## Data to use
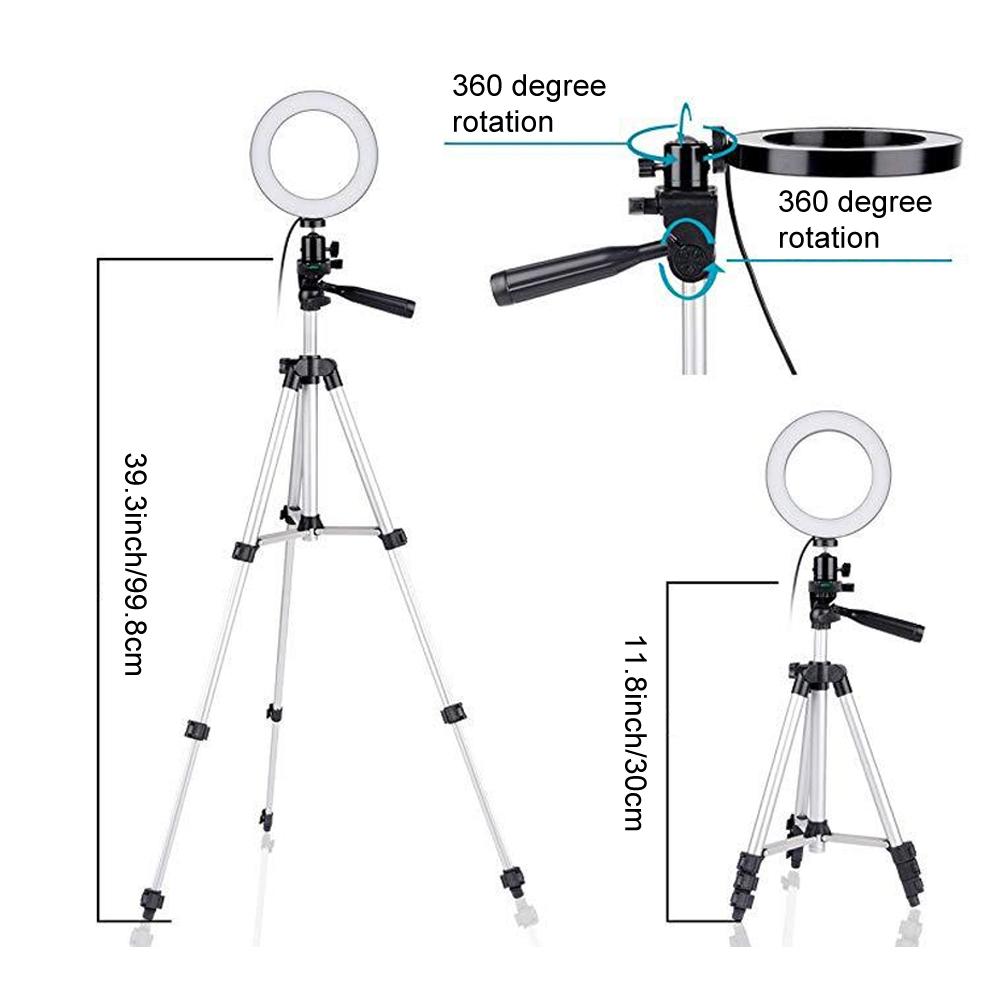 5,7 Zoll Dimmbare LED Ringleuchten mit Verstellbarem Stativ Live Fülllicht Handyhalter Zubehör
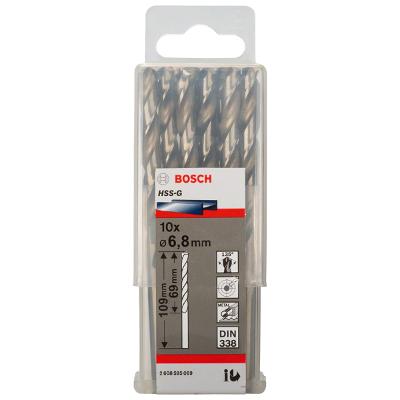 Broca Para Metal Bosch Aço Rápido Hss-G 6,8mm 10 Peças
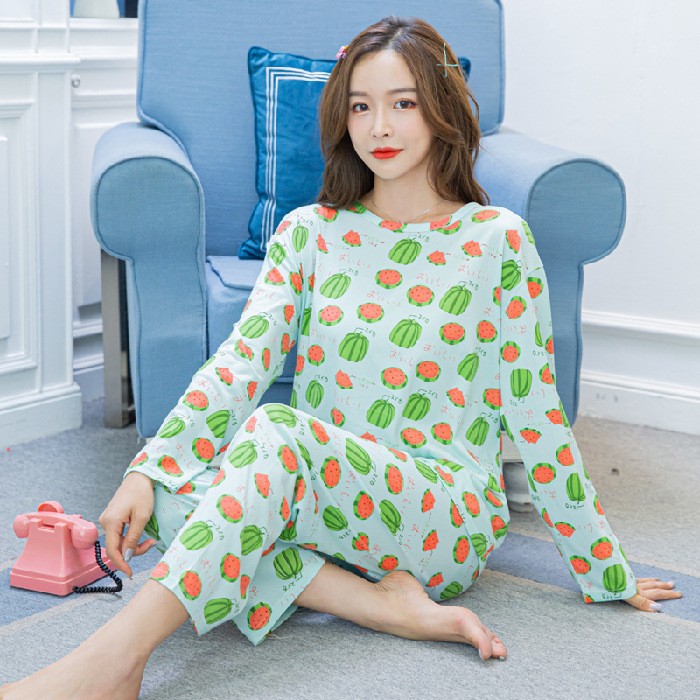 Picture of Wholesale spring and autumn winter pajamas women's thin long sleeve trousers cartoon cute wind small student home clothes suit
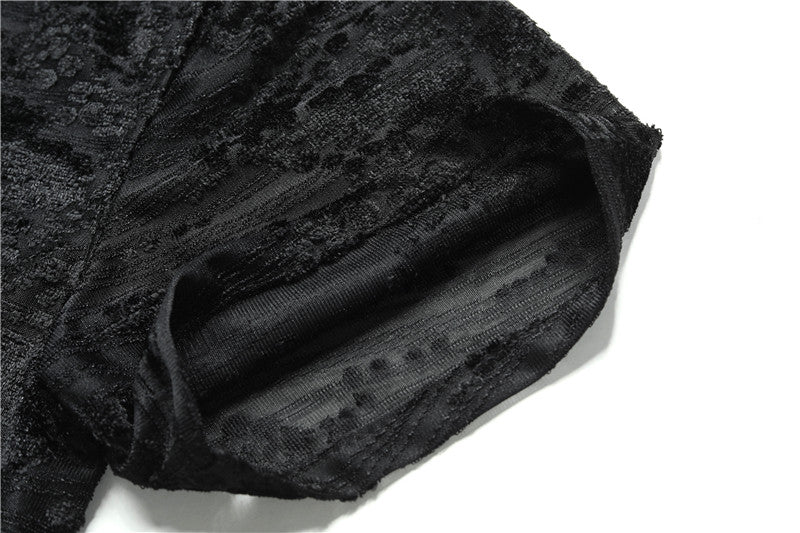 Burnout Floral Patterned Men Velour Semi Sheer Shirt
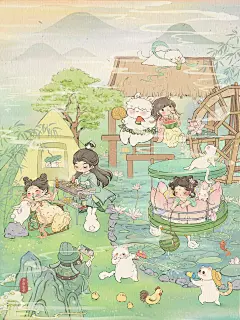 雨后荷塘一半炎热一半清凉|原创国风插画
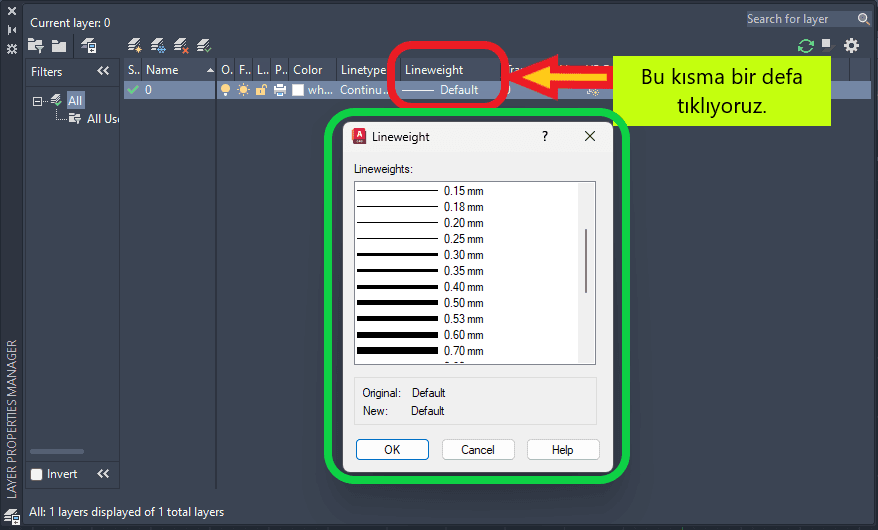 autocad layer çizgi kalınlığı değiştirme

## What you should do
Copy exactly the lines that begin at the one containing "Burnout Floral Patterned" and end at the last line of the records, both included, omitting the pictures.

## Solution for this task
 Burnout Floral Patterned Men Velour Semi Sheer Shirt
 雨后荷塘一半炎热一半清凉|原创国风插画
 autocad layer çizgi kalınlığı değiştirme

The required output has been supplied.